#### Records to use ####

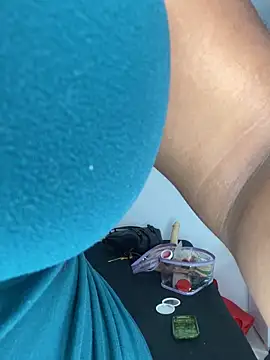 Snapshot of NataliaaMiller_ chatting on December 19, 11:39 am NataliaaMiller online show from December 19, 11:39 am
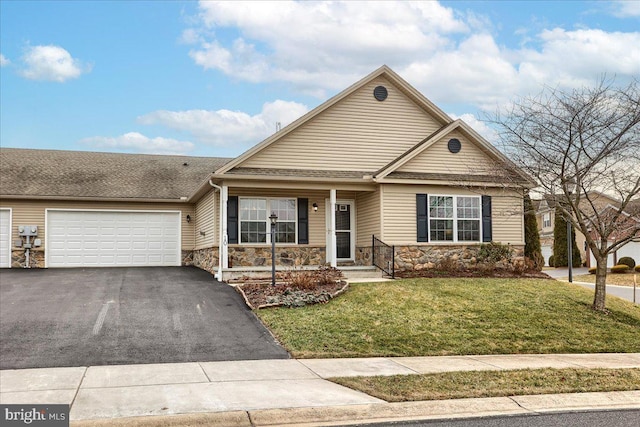 view of front facade featuring a garage and a front yard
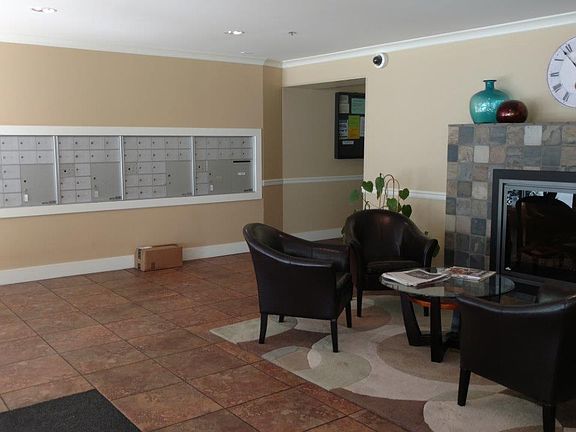 Lobby / Entrance / Mail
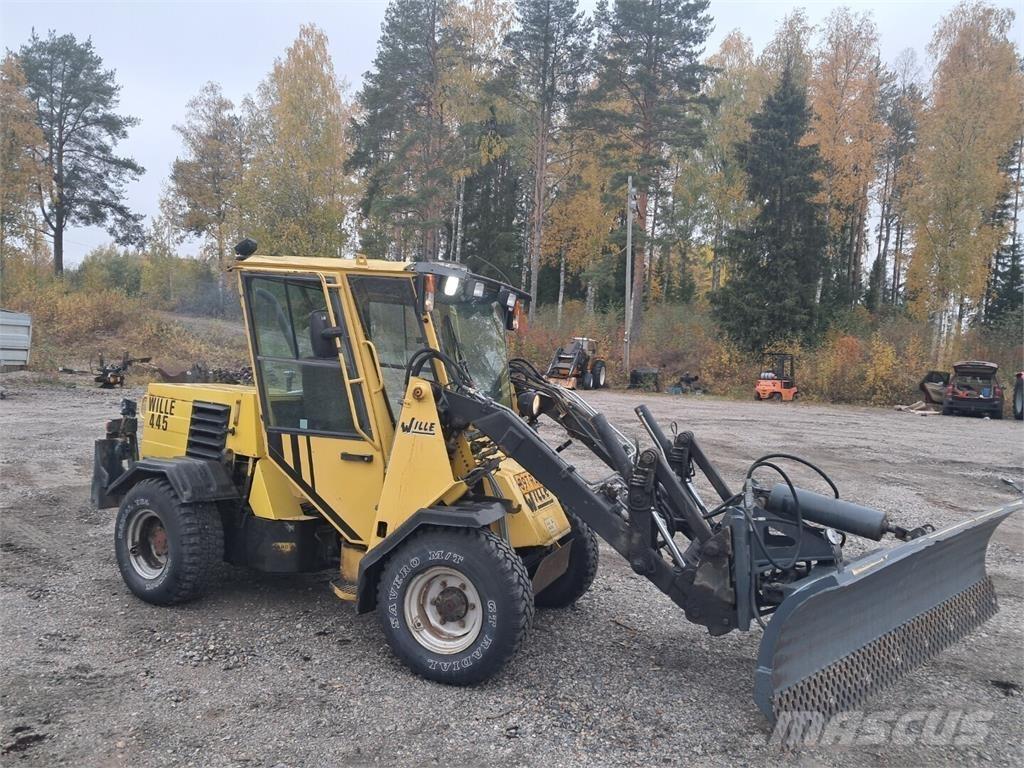 Wille 445 Pienkuormaajat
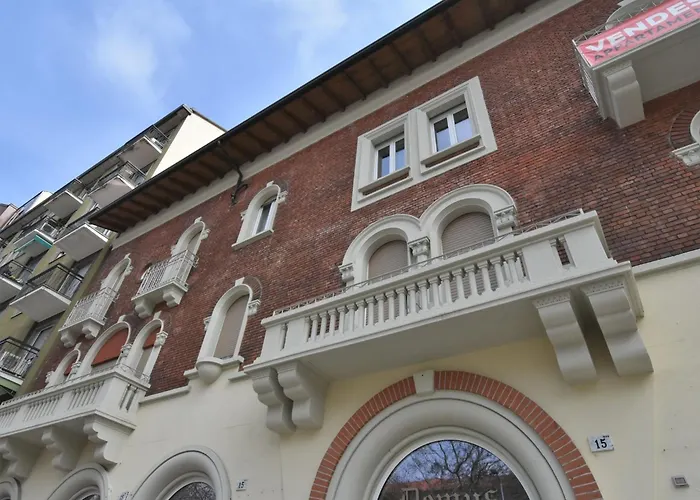 Apartamento White Attic Terrace By Interhome *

####

- [Exercise objective] Nothing but the lines from the one containing "Wille 445 Pienkuormaajat" through the end of the entries is to be retyped, exactly as written and without pictures.

- [Exercise response]
 Wille 445 Pienkuormaajat
 Apartamento White Attic Terrace By Interhome *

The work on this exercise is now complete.